● **PROBLEM DESCRIPTION**:
Using the listing below, retype the line bearing "Yvonne (tour guide)" and each line after it, word for word, and nothing further.

● **DATASET ENTRIES**:
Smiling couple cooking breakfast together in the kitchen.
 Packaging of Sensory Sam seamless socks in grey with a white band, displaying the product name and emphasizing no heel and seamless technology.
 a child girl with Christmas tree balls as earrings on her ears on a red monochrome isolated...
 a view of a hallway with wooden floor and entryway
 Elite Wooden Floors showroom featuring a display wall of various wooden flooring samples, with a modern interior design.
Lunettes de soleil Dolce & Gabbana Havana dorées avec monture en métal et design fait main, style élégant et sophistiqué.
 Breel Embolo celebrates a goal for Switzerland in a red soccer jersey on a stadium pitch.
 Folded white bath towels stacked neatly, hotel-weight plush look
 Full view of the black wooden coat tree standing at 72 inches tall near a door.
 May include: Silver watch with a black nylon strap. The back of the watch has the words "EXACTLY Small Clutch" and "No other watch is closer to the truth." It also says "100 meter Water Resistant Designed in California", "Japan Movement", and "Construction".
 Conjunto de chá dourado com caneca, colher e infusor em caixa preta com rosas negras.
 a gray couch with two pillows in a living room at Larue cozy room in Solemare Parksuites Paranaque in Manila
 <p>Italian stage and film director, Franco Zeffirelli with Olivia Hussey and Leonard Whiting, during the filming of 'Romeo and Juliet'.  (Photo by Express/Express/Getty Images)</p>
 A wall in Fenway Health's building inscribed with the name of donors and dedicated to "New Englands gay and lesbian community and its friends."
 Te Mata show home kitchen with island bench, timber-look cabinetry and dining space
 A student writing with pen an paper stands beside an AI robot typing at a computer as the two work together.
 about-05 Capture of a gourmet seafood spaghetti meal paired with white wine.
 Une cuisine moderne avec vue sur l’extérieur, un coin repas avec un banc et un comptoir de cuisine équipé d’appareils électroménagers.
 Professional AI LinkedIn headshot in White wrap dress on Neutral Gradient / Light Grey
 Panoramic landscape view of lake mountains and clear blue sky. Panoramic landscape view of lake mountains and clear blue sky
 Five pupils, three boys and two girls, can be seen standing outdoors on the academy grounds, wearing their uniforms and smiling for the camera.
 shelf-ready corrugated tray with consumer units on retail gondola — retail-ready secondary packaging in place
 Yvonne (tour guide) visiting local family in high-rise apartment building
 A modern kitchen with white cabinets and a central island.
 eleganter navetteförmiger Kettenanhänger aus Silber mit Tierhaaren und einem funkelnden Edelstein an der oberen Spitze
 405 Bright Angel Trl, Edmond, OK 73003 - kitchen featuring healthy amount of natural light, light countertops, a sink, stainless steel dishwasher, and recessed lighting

● **EXPECTED ANSWER**:
 Yvonne (tour guide) visiting local family in high-rise apartment building
 A modern kitchen with white cabinets and a central island.
 eleganter navetteförmiger Kettenanhänger aus Silber mit Tierhaaren und einem funkelnden Edelstein an der oberen Spitze
 405 Bright Angel Trl, Edmond, OK 73003 - kitchen featuring healthy amount of natural light, light countertops, a sink, stainless steel dishwasher, and recessed lighting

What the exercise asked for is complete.